Oficiantes
Nada mejor para acercarse al secreto de las cosas que frecuentar, ya en el quicio de la madrugada, determinados bares escaparate de la noche madrileña (o barcelonesa, supongo). Allí uno se encuentra con gentes anormalmente despiertas para esas horas, debido tal vez a su probada capacidad de resistencia o, más frecuentemente, a que a esas alturas de la noche (de¡ día) ni la mente ni el cuerpo han sufrido desgaste apreciable alguno.Sea como fuere, danse esas gentes a derrochar sus energías intactas en el viejo oficio de hablar de los demás, lo cual en España significa, desde luego, hablar mal de los demás.
Si, uno tiene la habilidad de escoger un asiento al alcance de las conversaciones más prometedoras (cosa nada dificil porque' los maestros del oficio suelen pontificar siempre desde la misma cátedra) podrá enterarse de cosas de las que de otra manera jamás hubiera tenido noticia. Y sabrá de las vidas del prójimo, en muchos casos un prójimo sobradamente conocido, sin necesidad de gastarse cuarenta duros en la revista ilustrada más de moda. Todo ello sazonado convenientemente con carcajadas estruendosas, frases que quieren ser un modelo de ingenio, maledicencias graciosas y gestos cómplices que para un observador veterano llegarán a constituir pronto un -lenguaje fácilmente descifrable.

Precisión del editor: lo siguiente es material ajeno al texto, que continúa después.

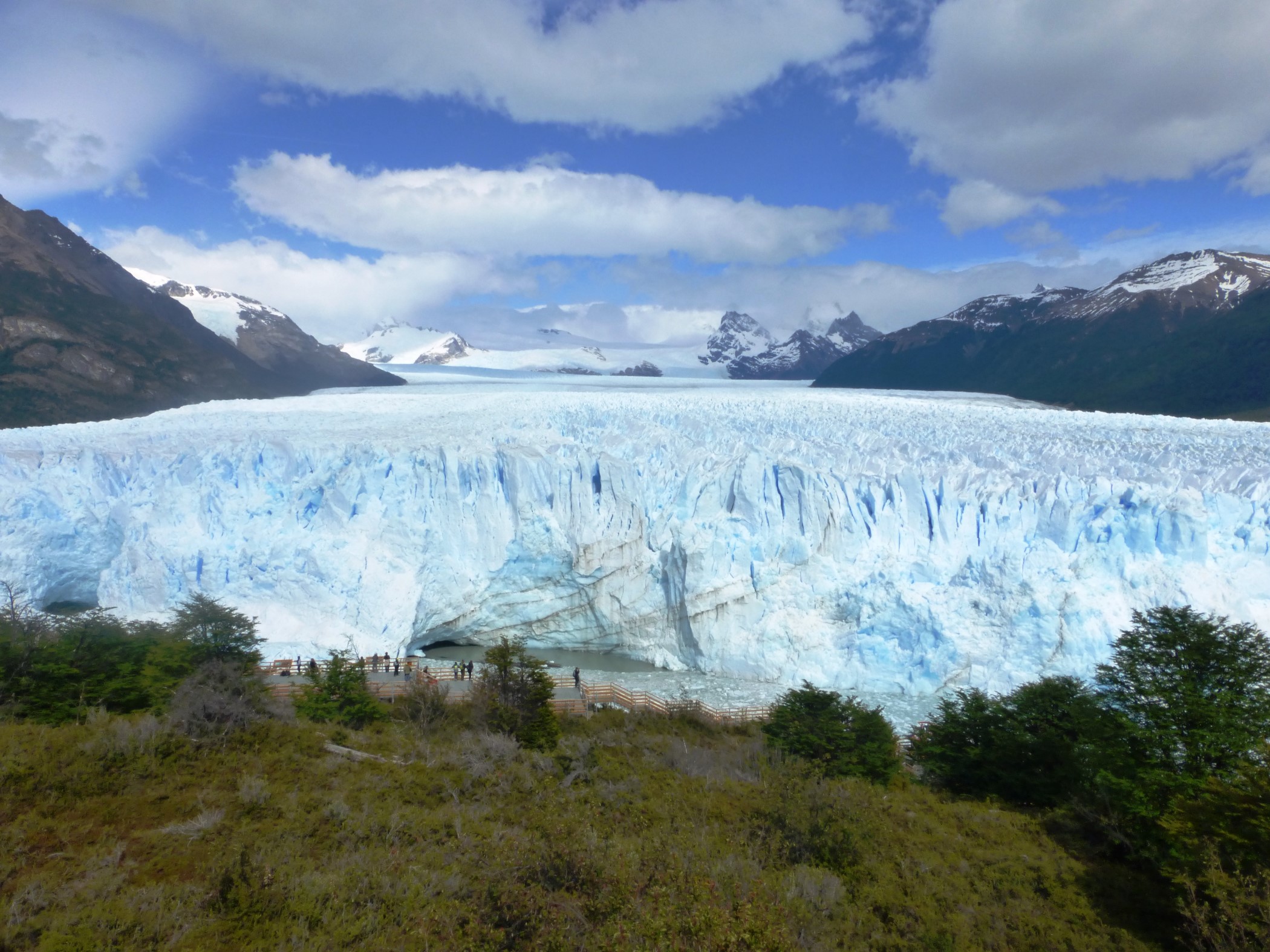 Glaciar Perito Moreno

Otras veces no será tan sencilla la comprensión de lo que allí se habla ni siquiera para los parroquianos más frecuentadores de esa muy especial adoración nocturna madrileña (o sevillana, supongo). Es cuando se entra en el mundo de los sobrentendidos, de los guiños, de las fintas, de las frases inacabadas. Sólo el código complementario de los codazos y de las risas, de nuevo estruendosas, disparatadas, nos da finalmente alguna pista más o menos segura sobre el tema de conversación. En ocasiones incluso, sobre la víctima elegida por el aquelarre, oficiante.
Convíene, sin embargo, que no cunda el pánico. El mundo, por fortuna, se acaba a las puertas del local.